Entre avril 1941 et août 1944, Maurice Blanchot publia dans la "Chronique de la vie intellectuelle" du Journal des Débats 173 articles sur les livres récemment parus.
Dans une demi-page de journal (soit environ sept pages in-8), le jeune auteur de "Thomas l'obscur" fait ses premiers pas dans le domaine de la critique littéraire et inaugure ainsi une oeuvre théorique qu'il développera plus tard dans ces nombreux essais, de "La Part du feu" à "L'Entretien infini" et "L'Écriture du désastre".
Dès les premiers articles, Blanchot fait preuve d'une acuité d'analyse dépassant largement l'actualité littéraire qui en motive l'écriture. Oscillant entre classiques et modernes, écrivains de premier ordre et romanciers mineurs, il pose, dans ses chroniques, les fondements d'une pensée critique qui marquera la seconde partie du XXe.
Transformé par l'écriture et par la guerre, Blanchot rompt, au fil d'une pensée exercée "au nom de l'autre", avec les violentes certitudes maurassiennes de sa jeunesse.
Non sans paradoxe, il transforme alors la critique littéraire en acte philosophique de résistance intellectuelle à la barbarie au c?ur même d'un journal "ouvertement maréchaliste": "Brûler un livre, en écrire, sont les deux actes entre lesquels la culture inscrit ses oscillations contraires" (Le Livre, In Journal des Débats, 20 janvier 1943).

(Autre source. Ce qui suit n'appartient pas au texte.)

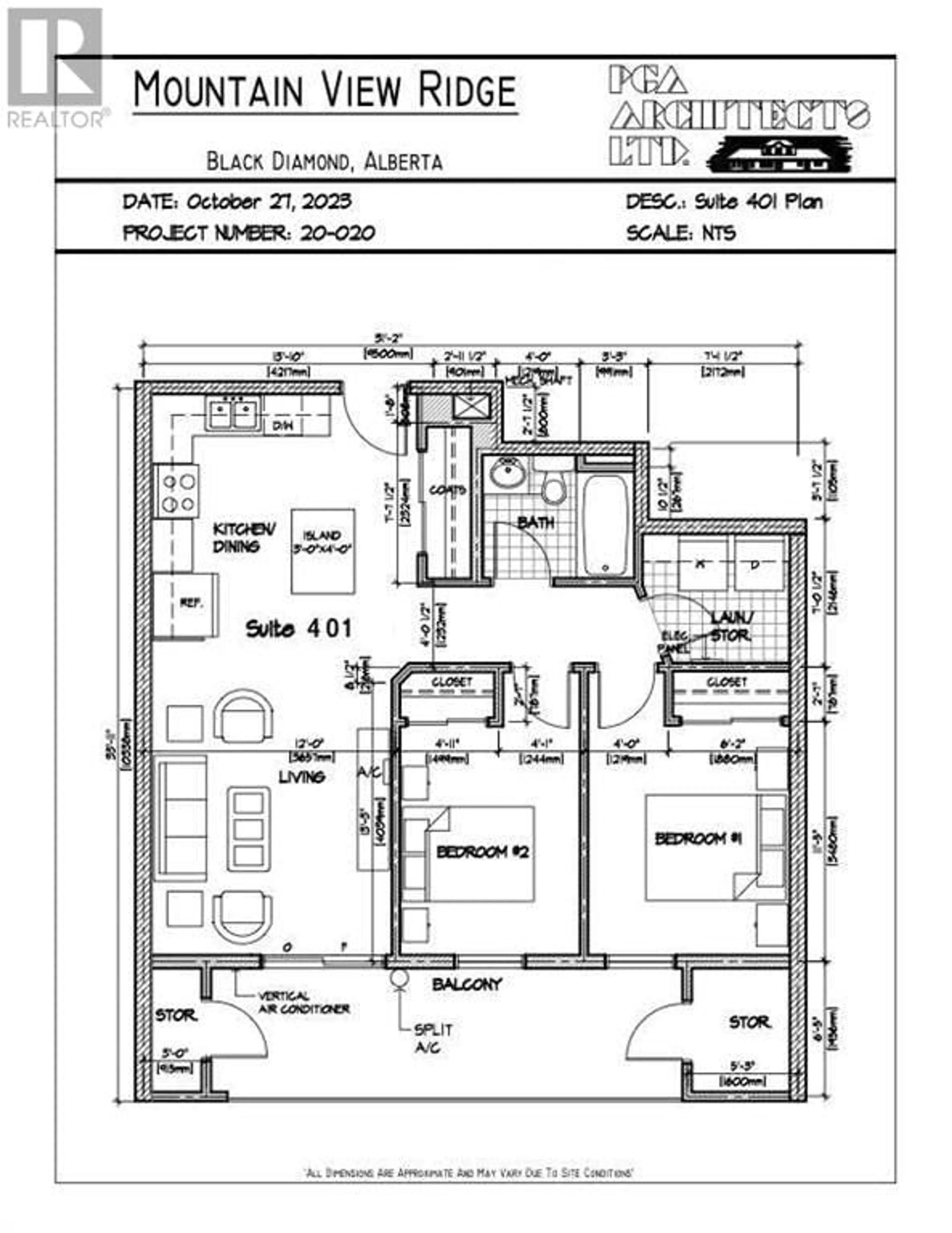 Floor plan for 401 404 1 Avenue SE, Diamond Valley Alberta T0L0H0
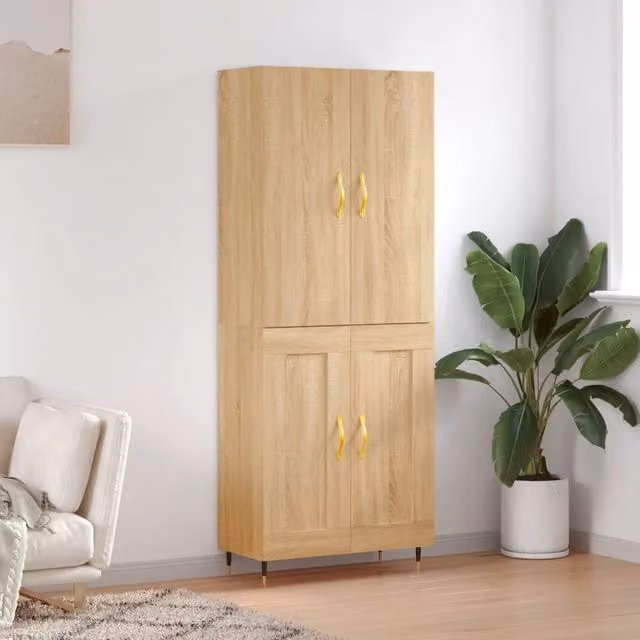 Credenza moderna vidaXL in legno e metallo color rovere, L: 69,5 cm, P: 34 cm, H: 180 cm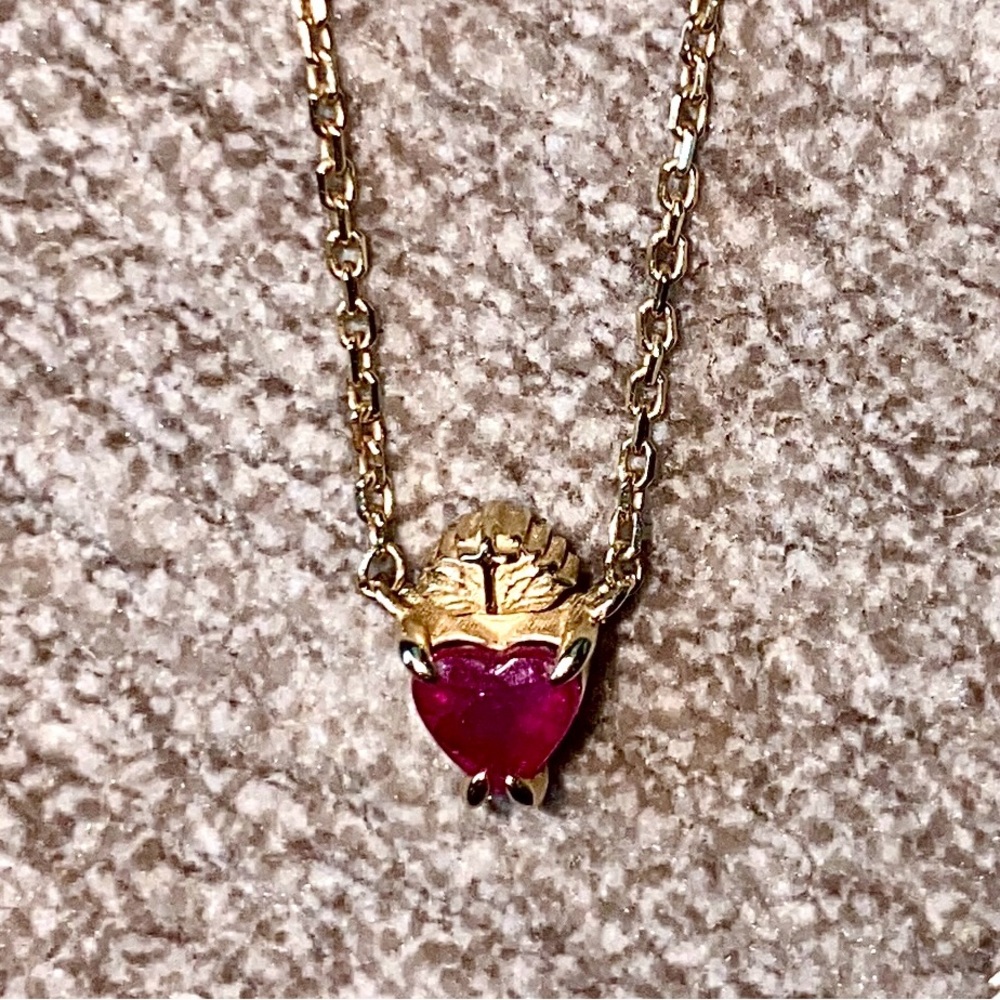 14k yellow gold Sacred Heart genuine natural Ruby necklace with cross 14.5”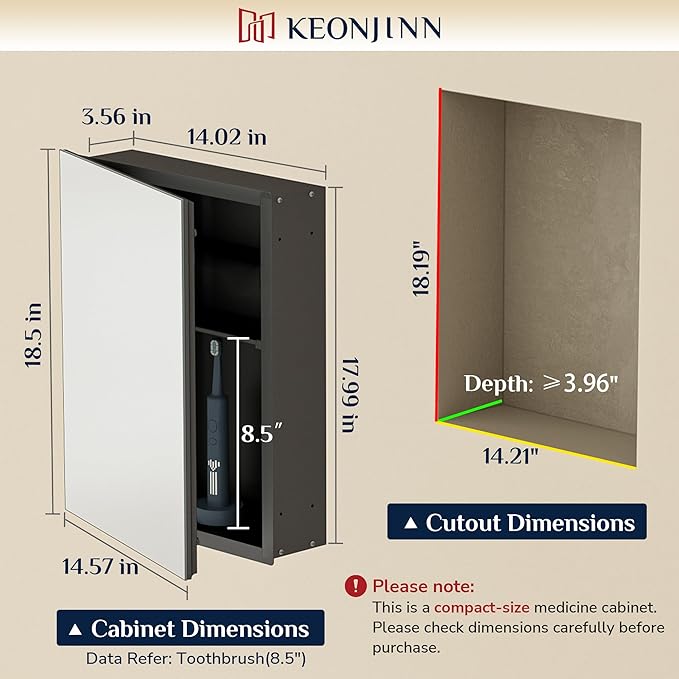 Keonjinn Black Medicine Cabinet 14 x 18 Inch, Assembly Needed, Small Bathroom Mirrored Medicine Cabinet, Lightweight, One Shelf Only, Freely Adjustable Shelves, Recessed or Wall Mount, Tempered Glass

En 2007, les Cahiers de la NRF réunissent sous la direction de Christophe Bident toutes les chroniques littéraires non encore publiées en volumes avec cette pertinente analyse du travail critique de Blanchot : "romans, poèmes, essais donnent lieu à une réflexion singulière, toujours plus sûre de sa propre rhétorique, livrée davantage à l'écho de l'impossible ou aux sirènes de la disparition. (...) Non sans contradictions ni pas de côté, et dans la certitude fiévreuse d'une ?uvre qui commence (...) ces articles révèlent la généalogie d'un critique qui a transformé l'occasion de la chronique en nécessité de la pensée." (C. Bident).
Les manuscrits autographes de Maurice Blanchot sont d'une grande rareté.